NOGALES, Ariz. β€” A little boy, no older than 8, pressed his forehead against the chain-link fence, crying, before a female Border Patrol agent stopped to ask what was wrong.

An older boy smiled and waved as a group of reporters walked by the intake area, where the concrete floor was hard to see because of all of the small green mattresses lying next to one another.

The media were allowed Wednesday inside the Nogales Placement Center on a restricted tour for the first time since it opened more than two weeks ago. Interaction with the children or staff was not allowed, to protect the identities of the children. Follow-up questions had to be sent via email, and few were answered by deadline.

There are currently 900 children, most from Central America, waiting to be sent to a shelter where officials will work to reunite them with their relatives across the country while their cases are pending.

The federal government is grappling with a sudden surge of children crossing the border without parents.

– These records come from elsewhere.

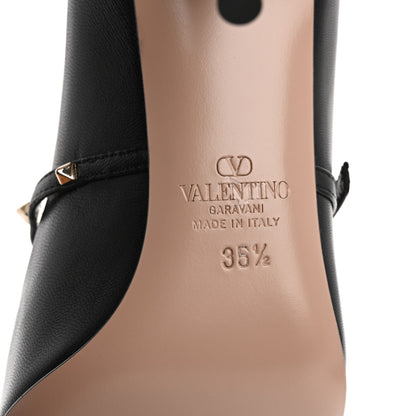 Valentino Garavani Nappa Rockstud Wispy Mary Jane 80mm Pumps 35.5 Black 8 of 10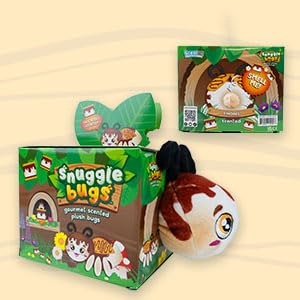Snuggle Bugs (Firefly) - S’Mores Scented Plush Toy - Cute Firefly Stuffed Animal for Kids, Aromatherapy Gift, Soft Collectible Plush Bug, Cozy Stress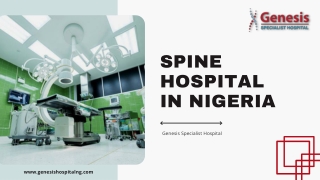 Spine Hospital in Nigeria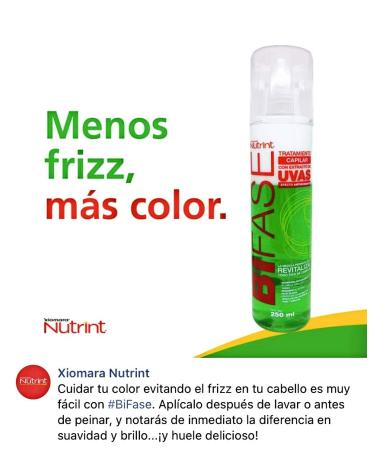 Xiomara Tratamiento Capilar BIFASE - Extracto de Uvas y Keratina para Desenredar Proteger y Humectar | Env o Internacional - Buy Online on GoSupps.com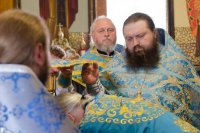 Божественная литургия в в день памяти Ахтырской иконы Божией Матери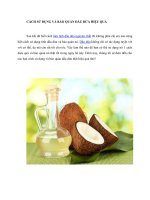 Cách sử dụng và bảo quản dầu dừa hiệu quả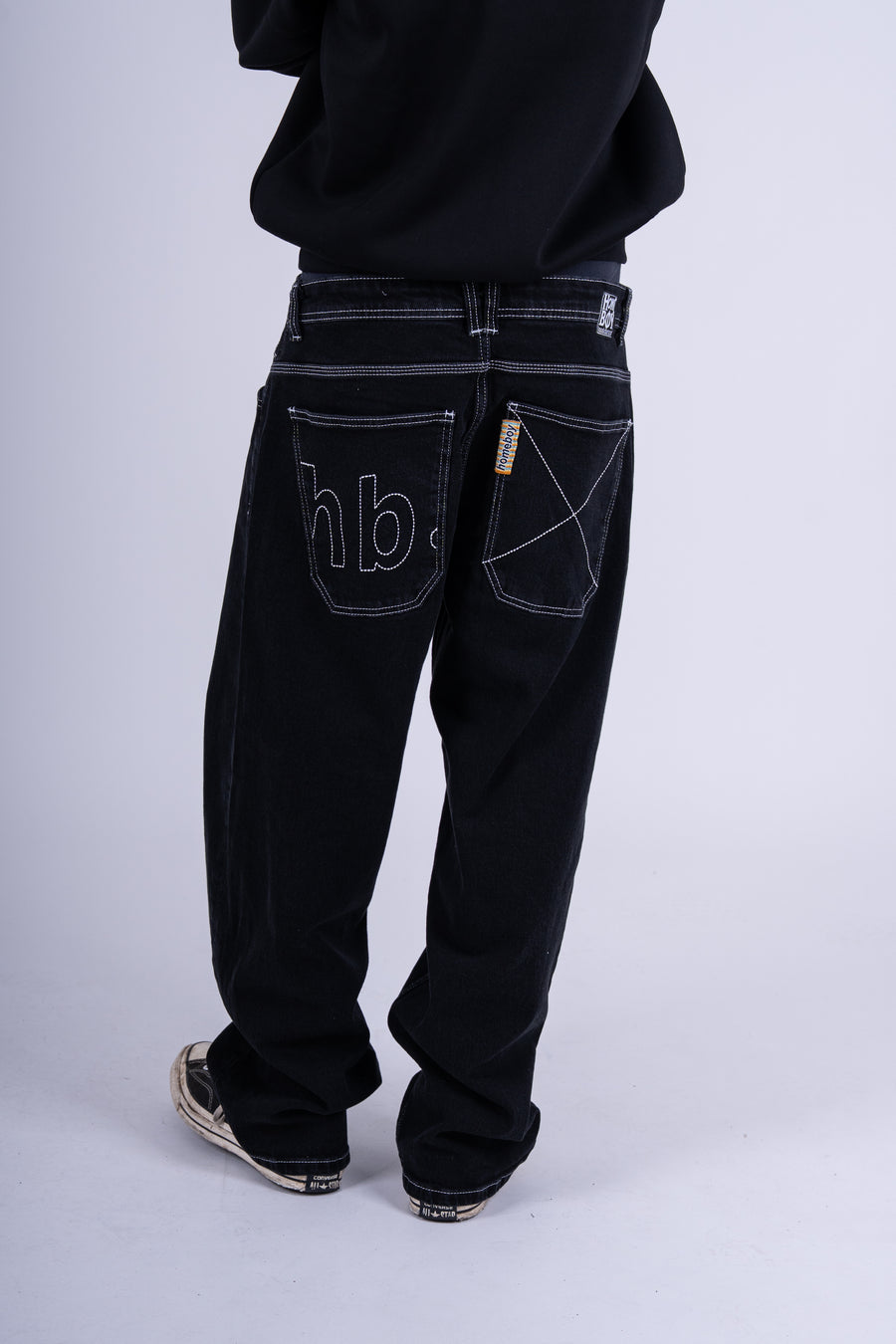 X-TRA MONSTER HB. DENIM WASHED BLACK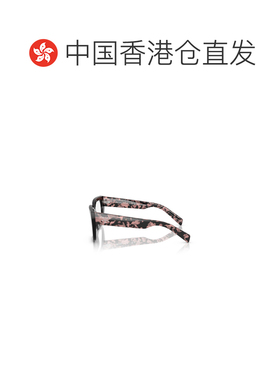 香港直邮PRADA 女士眼镜 PRA03V13P1O1 CO 黑色 方框平光镜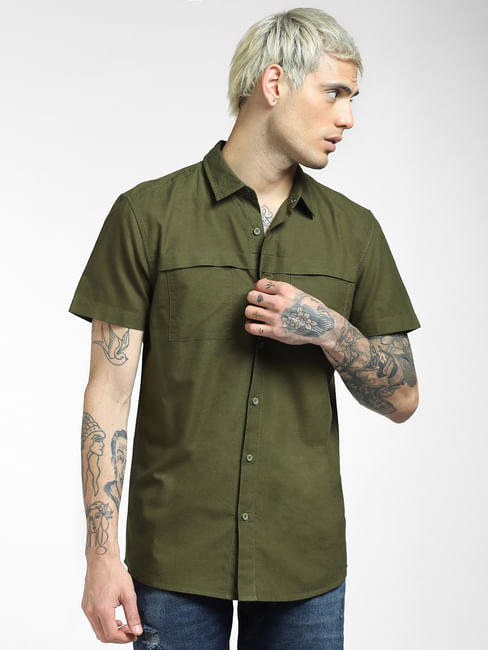 Green Half Sleeves Shirt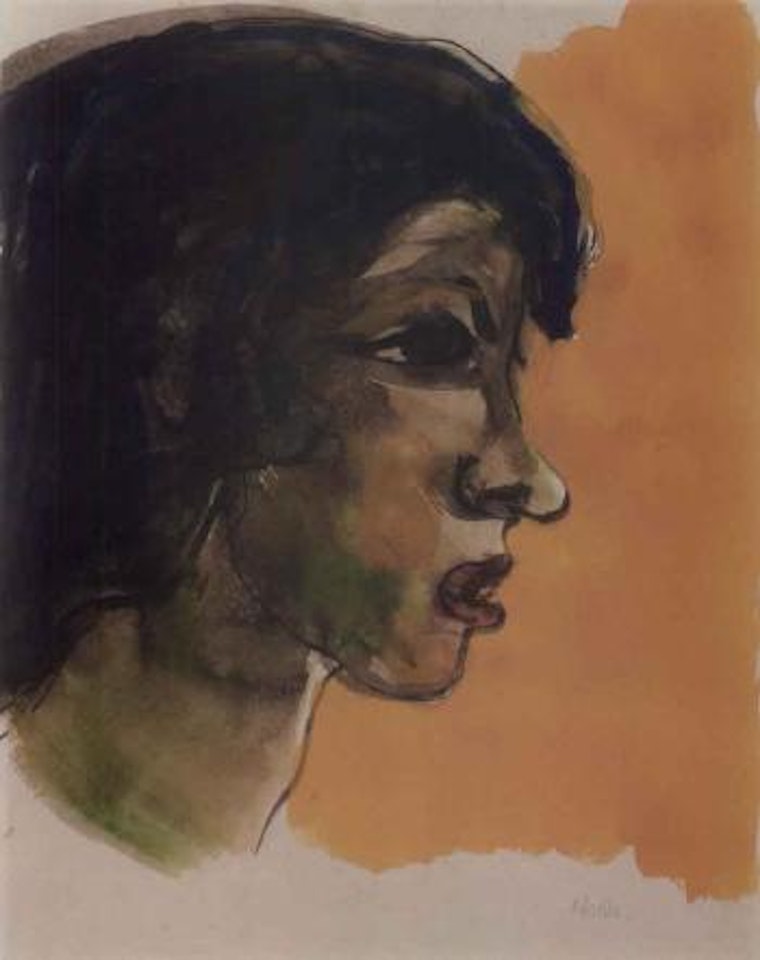 Head of a South Pacific Girl by Emil Nolde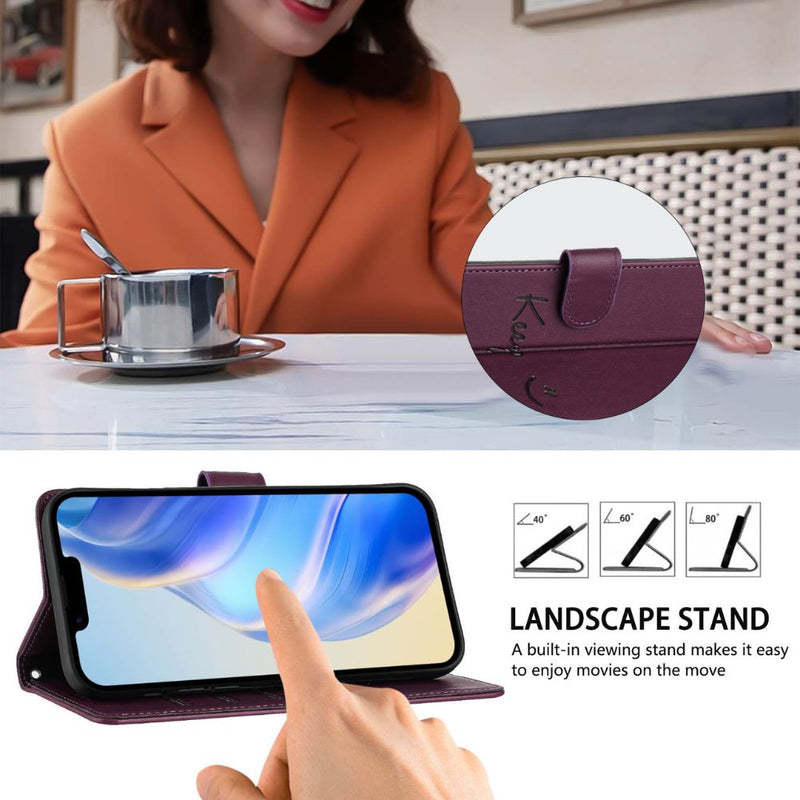 Load image into Gallery viewer, [With Card Slot] OPPO Reno 12 Pro 5G (CPH2629) - Fashion Smile PU Leather Wallet Series Stand Case With Lanyard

More than 47,000 have been detained so far this fiscal year, and there are no shelters available.

The Nogales center β€” a building larger than two football fields β€” is a former warehouse the Border Patrol turned into a processing center for Mexican nationals in the early 2000s. It was not designed to hold children.

But in the beginning of June, agents started to transfer to Nogales some of the children being apprehended in South Texas because stations there were already overcrowded. Some of the children have been there for more than a week.

In the last two weeks, conditions have improved for the children, said Lidwina MagarΓ­n, deputy foreign minister for Salvadorans living abroad, but there are still improvements to be made, especially in some of the centers in Texas.

β€œWe are grateful to the government,” she told reporters after she toured the facility. β€œBut we ask that they don’t separate siblings, and keep mothers together with their children.”

In Nogales, the children now have a tent outside where they play several times a week with hula hoops and balls. Some of the agents even join them in a game of basketball and soccer. Their cheers and claps were drowned out by the sound of a drill as a safety fence was installed around the recreation area.

Inside, many of the children and youths appeared sad β€” either staring into space or covering themselves with the heat-reflective blankets that look like aluminum foil. A young girl with a pink shirt lay on her stomach, crying with her head bent over a white teddy bear as another girl tried to comfort her.

The agents are doing the best they can, said Juanita Molina, executive director of the local Border Action Network, who has toured the center, but they are ill-equipped to deal with the kids’ emotional needs.

The children, she said, are either "super involved or super withdrawn."

There was a 9-year-old who immediately pushed her way when Molina arrived and started to report on everyone around her.

"This girl was crying in the park because she was afraid she wouldn't see her mother again," and "this other girl fell down and started crying but then she stopped," Molina said.

"This was a beautiful, cheerful, smart child," she said. "But her eyes said she knew things she shouldn’t know."

The center is divided into sections by 10-foot-tall chain-link fences with razor wire on the top, which officials said was there before the youths arrived. At the entrance is a processing area where about eight officers identify the children being brought in.

The children are then given a health screening, time to take a shower in one of five trailers with 60 shower heads parked outside the warehouse, and are handed a uniform: navy blue gym shorts and a white T-shirt.

They are then placed in one of nine holding spaces, divided by age and gender. Teen mothers are held separately with their infants. Each area has portable bathrooms and sinks with drinking fountains. In one, for older boys, there was a large TV showing the World Cup.

There’s also the smell, a sharp sting of stale sweat and dirty clothes. While the building is not hot, the swamp coolers can barely keep up.

Girls, some of them pregnant, could be seen making their way to one of 40 telephones available to them to contact their families. A Guatemalan government official said a baby was born last week to a 17-year-old girl.

Even though they get fed six times a day, have stuffed animals and soccer balls to play with and books to read, the youths are still in detention, and the feeling is apparent when you walk in.

They have to get in single file and pass through metal detectors when they go to the makeshift cafeteria. They take turns to use showers or to go outside. And a big banner with the Border Patrol emblem hanging from the rafters is a daily reminder of where they are.